Robin Dapp Oct. 27, 2023, 11:46 a.m. UTC | #10
> It seems that you didn't commit it yet.
> 
> A nit comment:
> 
> +  int lmul = riscv_autovec_lmul == RVV_DYNAMIC ? RVV_M8 : riscv_autovec_lmul;
> 
> I change you could use TARGET_MAX_LMUL

No didn't commit yet, testsuite was still running.

OK, added it, will commit later.

Regards
 Robin
  
Jeff Law Oct. 27, 2023, 1:38 p.m.
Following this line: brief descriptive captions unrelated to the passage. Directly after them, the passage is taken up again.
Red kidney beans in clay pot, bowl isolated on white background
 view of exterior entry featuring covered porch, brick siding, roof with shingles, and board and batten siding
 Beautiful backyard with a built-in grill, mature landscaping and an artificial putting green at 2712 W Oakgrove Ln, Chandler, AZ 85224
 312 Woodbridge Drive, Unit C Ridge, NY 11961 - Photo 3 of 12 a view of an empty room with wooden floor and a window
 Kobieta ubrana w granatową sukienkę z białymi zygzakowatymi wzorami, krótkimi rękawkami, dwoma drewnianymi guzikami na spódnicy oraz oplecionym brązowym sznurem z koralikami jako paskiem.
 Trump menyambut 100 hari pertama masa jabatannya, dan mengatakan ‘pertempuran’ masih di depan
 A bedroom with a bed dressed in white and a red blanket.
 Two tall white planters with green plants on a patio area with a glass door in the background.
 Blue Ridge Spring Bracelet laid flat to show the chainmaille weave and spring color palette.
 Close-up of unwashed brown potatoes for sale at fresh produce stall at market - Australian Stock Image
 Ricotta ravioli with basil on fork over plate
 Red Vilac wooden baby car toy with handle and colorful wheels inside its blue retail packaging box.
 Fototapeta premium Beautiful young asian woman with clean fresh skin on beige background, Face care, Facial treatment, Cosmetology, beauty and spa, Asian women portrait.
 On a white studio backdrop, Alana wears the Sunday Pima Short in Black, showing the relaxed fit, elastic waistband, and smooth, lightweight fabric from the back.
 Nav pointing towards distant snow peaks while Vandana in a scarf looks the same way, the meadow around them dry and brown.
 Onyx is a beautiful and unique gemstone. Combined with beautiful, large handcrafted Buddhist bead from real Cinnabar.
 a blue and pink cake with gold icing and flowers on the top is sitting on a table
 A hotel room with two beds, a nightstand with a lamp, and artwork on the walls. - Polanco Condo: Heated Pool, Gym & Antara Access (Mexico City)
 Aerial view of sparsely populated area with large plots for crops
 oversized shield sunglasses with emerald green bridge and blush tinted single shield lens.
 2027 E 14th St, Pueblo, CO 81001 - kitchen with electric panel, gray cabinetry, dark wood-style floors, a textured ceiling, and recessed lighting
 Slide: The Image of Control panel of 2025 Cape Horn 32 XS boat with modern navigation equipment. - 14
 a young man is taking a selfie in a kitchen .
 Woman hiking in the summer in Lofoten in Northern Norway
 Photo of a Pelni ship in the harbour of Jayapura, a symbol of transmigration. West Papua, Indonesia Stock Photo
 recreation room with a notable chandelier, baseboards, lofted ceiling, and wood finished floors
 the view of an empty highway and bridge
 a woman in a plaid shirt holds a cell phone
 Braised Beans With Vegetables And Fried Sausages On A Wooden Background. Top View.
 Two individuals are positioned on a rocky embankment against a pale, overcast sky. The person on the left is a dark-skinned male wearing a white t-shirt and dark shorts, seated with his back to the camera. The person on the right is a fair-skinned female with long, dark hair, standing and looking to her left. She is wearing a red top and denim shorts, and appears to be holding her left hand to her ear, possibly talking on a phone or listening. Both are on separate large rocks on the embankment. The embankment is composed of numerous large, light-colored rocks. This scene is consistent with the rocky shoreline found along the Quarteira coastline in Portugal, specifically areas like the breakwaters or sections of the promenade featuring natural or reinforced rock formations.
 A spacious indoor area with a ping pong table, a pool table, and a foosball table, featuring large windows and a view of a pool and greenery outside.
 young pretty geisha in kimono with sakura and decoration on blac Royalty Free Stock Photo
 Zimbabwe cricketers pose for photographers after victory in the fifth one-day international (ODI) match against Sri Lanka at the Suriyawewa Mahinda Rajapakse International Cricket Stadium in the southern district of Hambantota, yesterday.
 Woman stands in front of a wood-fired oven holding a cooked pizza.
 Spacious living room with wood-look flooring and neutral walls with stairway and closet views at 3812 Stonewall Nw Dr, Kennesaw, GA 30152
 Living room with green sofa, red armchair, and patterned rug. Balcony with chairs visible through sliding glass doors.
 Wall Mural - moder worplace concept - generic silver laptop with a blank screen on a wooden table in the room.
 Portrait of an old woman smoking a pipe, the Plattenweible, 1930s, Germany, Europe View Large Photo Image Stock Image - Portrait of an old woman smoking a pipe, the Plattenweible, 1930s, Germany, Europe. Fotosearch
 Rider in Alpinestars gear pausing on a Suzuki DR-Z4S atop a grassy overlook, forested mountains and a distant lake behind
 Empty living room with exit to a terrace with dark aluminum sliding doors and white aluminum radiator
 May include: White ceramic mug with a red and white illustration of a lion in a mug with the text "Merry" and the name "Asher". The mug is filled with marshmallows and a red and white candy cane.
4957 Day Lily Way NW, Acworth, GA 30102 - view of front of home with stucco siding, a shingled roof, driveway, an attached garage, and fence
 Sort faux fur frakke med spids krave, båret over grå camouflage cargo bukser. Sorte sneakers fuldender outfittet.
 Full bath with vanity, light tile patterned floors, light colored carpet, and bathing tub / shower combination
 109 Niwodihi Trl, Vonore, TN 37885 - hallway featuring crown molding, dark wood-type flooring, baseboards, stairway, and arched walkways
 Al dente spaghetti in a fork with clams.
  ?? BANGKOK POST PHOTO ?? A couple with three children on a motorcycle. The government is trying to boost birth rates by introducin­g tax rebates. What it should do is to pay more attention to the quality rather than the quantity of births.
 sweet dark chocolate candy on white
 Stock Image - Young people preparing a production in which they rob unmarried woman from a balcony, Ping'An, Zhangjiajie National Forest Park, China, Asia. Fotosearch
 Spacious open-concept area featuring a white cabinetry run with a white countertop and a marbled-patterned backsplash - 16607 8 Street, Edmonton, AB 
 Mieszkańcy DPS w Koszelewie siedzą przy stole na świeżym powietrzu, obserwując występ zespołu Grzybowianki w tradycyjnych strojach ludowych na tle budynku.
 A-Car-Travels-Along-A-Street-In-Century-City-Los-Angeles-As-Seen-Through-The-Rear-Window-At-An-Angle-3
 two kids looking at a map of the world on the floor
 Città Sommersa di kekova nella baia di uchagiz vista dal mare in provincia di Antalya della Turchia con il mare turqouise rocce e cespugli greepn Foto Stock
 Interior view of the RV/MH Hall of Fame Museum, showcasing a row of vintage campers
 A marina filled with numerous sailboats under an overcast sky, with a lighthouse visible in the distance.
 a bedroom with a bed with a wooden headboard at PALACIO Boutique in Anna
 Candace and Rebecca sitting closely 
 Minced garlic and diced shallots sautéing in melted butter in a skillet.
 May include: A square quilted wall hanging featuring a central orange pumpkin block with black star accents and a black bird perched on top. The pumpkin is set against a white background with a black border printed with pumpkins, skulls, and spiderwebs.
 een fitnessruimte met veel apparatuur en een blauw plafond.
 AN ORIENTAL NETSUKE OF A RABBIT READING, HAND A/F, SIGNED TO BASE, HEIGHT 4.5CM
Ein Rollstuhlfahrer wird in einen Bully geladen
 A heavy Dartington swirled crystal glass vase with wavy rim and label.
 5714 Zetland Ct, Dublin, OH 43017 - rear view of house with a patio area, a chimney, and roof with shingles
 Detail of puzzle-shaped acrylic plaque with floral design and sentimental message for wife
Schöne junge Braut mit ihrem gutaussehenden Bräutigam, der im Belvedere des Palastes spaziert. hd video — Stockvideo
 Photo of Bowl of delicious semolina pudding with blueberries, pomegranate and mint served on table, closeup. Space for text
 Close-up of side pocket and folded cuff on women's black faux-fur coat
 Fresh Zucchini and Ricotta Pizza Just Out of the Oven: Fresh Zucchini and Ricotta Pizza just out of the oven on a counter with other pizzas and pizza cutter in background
UTC | #11
On 10/27/23 01:38, Robin Dapp wrote:
>> Suggested adapt codes as follows:
>>
>> unsigned int element_size = GET_MODE_SIZE (mode).to_constant ();
>> poly_int64 nunits = exact_div (BYTES_PER_RISCV_VECTOR *TARGET_MAX_LMUL, element_size);
>> if (!get_vector_mode(mode, nunits).exists(&vmode))
>>    gcc_unreachable ();
> 
> Actually I was initially considering using lmul = m8 here,
> unconditionally, but the param is probably the more intuitive choice.
> 
> Attached v2 with that included.  Also moved the riscv test to
> autovec/builtin/ so we can add the other builtins as well.
> 
>> Also, this patch reminds me we are missing some more similiar builtin
>> function which can use RVV:
>>
>> strlen, strcpy, strcmp...etc
> 
> Yes we should still have them but I'd rather not work on that right
> now.  How about I open a PR for it so we can still add them in stage 3?
> Their impact is pretty localized and the risk should be low.
> Kito, Palmer, Jeff - would that be acceptable?
I'd definitely like to see them get included.  Those routines often have 
efficient and relatively simple vector implementations.

I'd open the PR, mostly so we don't lose track of them.  Whether or not 
to include after stage1 closes would be done on an individual review 
basis -- the deeper we get into stage3/stage4 the higher the bar would be.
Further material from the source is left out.